Wang Zixuan (王紫璇; born 12 November 1992) is a Chinese actress known for her role as Gu Ying in the web drama Tientsin Mystic (2017).

== Early life ==
Wang Zixuan was born in Xichang, Sichuan Province, China. She began to study ballet since childhood. She entered the Central Academy of Drama in 2010, majoring in performing arts.

== Career ==
In 2015, Wang debuted in the TV series Men., playing a girl who ran an online shop. In the same year, she starred alongside Zhou Dongyu and Sun Honglei in the comedy film The Ark of Mr. Chow, portraying a "campus goddess".

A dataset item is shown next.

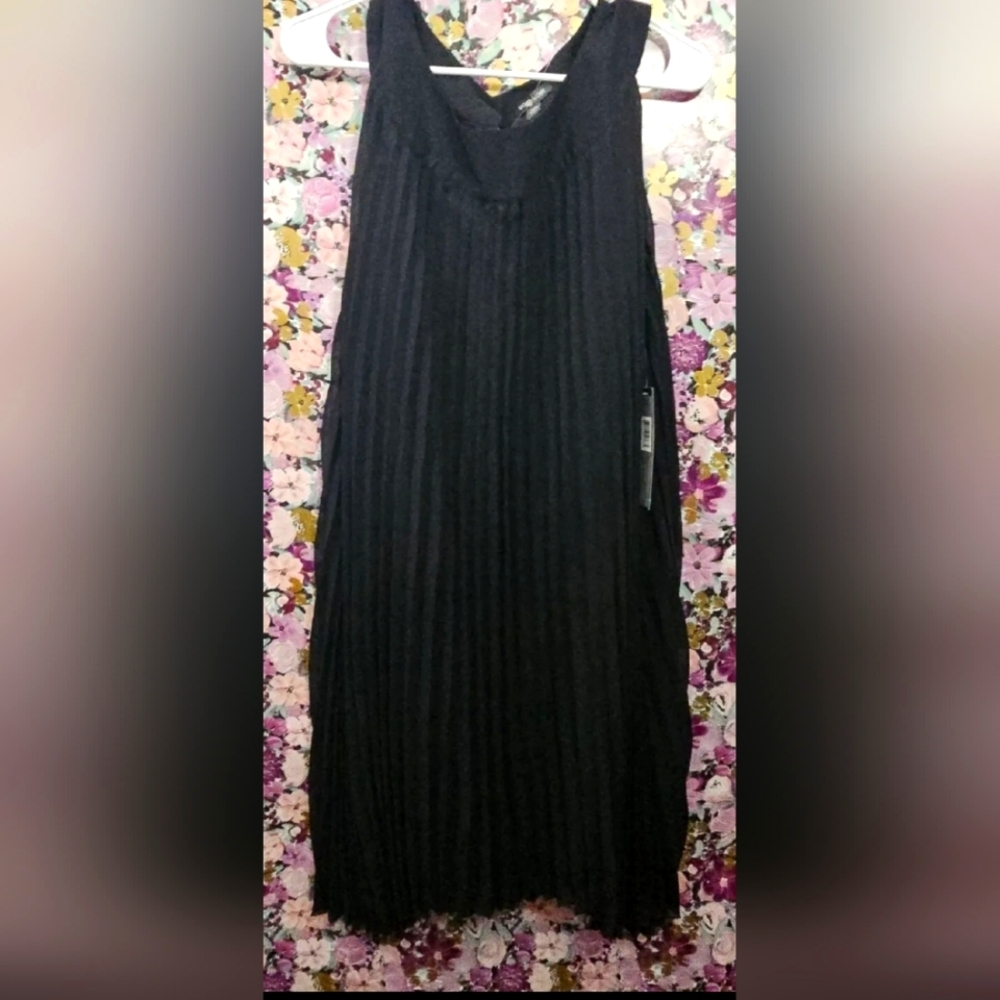 VOIR VOIR BLACK PLEATED SLEEVELESS DRESS SZ 18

In 2016, Wang starred in the historical romance drama Princess Jieyou. Then she starred alongside Chen Kun and Bai Baihe in the comedy film Chongqing Hot Pot.
She also played a female college student in the youth drama So Young, based on the novel of the same name by Xin Yiwu. In the same year, Wang starred alongside Jiang Jinfu and Yuan Bingyan in the costume drama Royal Highness.

In 2017, Wang starred as the lead female role, "Little Godly Woman (小神婆)" in the fantasy suspense web drama Tientsin Mystic, an adaptation of novel He Shen written by Tianxia Bachang. The series was a hit and contributed to her rise in popularity.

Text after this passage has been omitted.